[
Lists Home |
Date Index |
Thread Index
]
> > I don't understand your point. Could you pelase
> > explain?
> >
> > Because HGRAB, for example, is
> > usually polling only home page of the website,
> > they are all allowed for polling.
>
> Not all. Some sites "Disallow: /".
None of the sites, syndicated by HGRAB, has such
a robots.txt.
> > Also, I'm not sure if search engines do
> > really care about the robot.txt, but that's another
> > story.
>
> Googlebot does [1], and that answers your question about the difference
> between it and HGRAB.
So HGRAB 'cares' as well. But you are right, HGRAB
should read the robots.txt file in the polling script.
Just in case.
After that, to be exactly like Google,
the *only* thing I need is to write on HGRAB website :
"if you want me not to grab your content - protect
yourself with tricky robots.txt". Because *that*
is what Google does ( from your URLs )
But it would not change the actual situation.

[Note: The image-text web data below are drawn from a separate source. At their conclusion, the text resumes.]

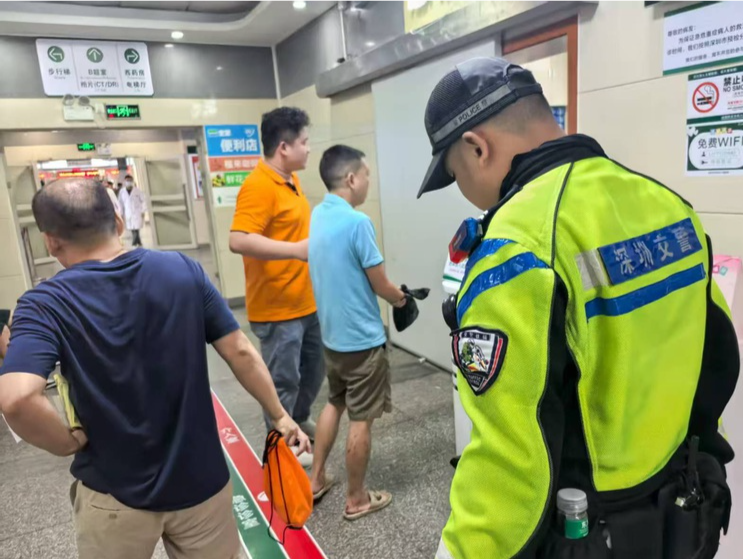 市民手指重伤求助，龙华交警铁骑火速开道送医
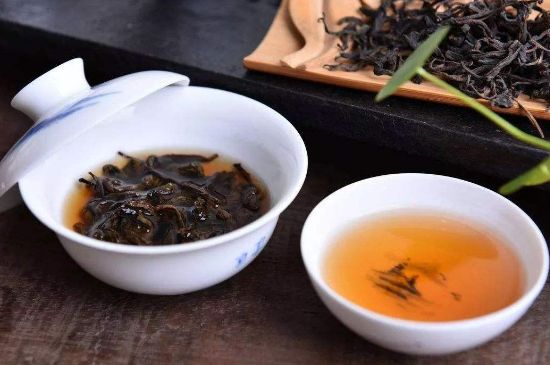 茯磚茶與普洱茶哪個好，茯茶和普洱茶口味區別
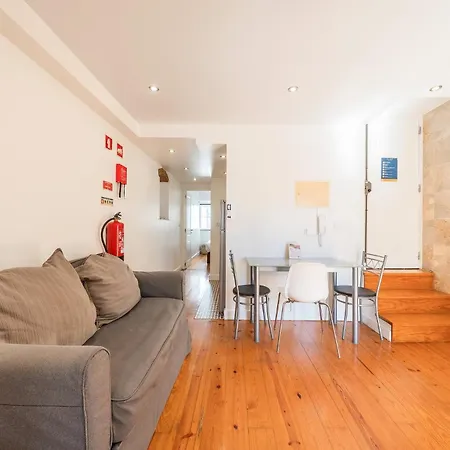 Appartement Guestready - Brilliant Flat Near S. Jorge Castle
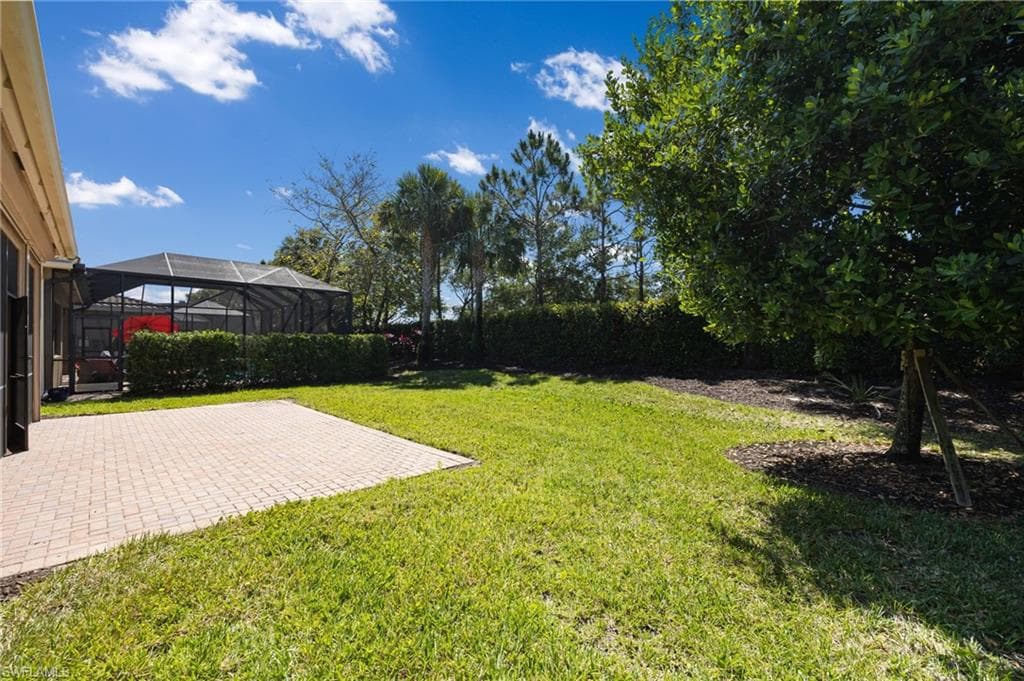 13736 Luna DR-23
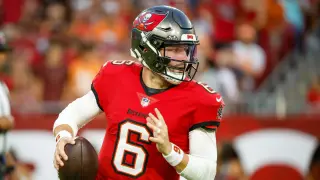 Mayfield Re-signs with Bucs on 3-Year, $165M Deal Through 2029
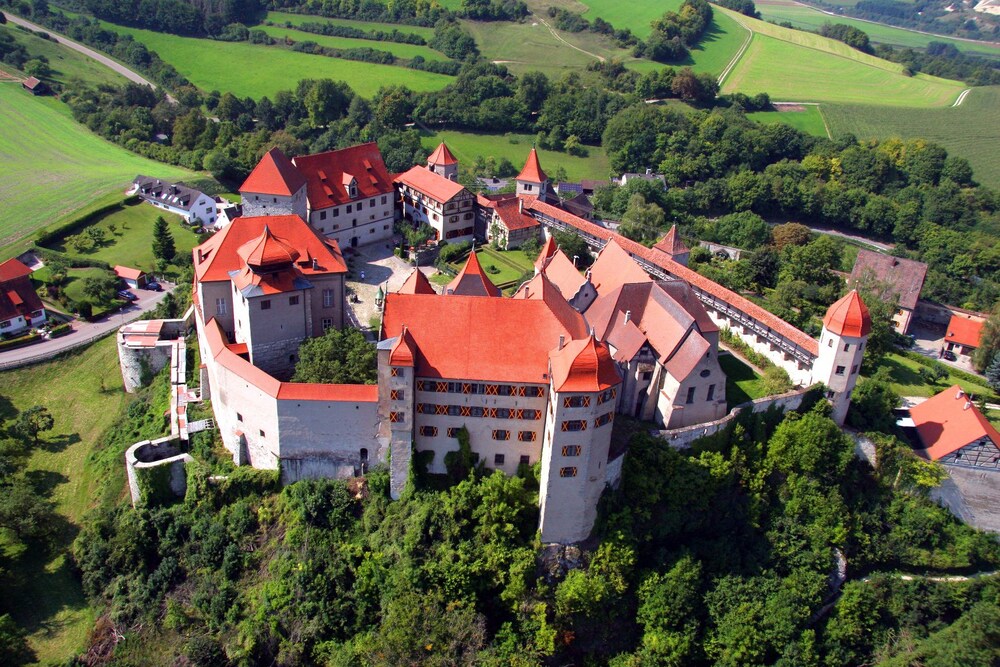 Schlosshotel Harburg — hotel in Harburg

The actual situation is that HGRAB is like Google
and I think that both 'look illegal'.
> > Also, the interesting twist is that when the
> > robot encounters the website with *no*
> > robots.txt ( most of the sites have no robots.txt )
> > the robot assumes that it is *safe* for him to
> > 'steal' the content.
>
> No twist here; "if it [robots.txt] was not present [then] all robots
> will consider themselves welcome" [2].
Sure. I think that's until the first lawsuite.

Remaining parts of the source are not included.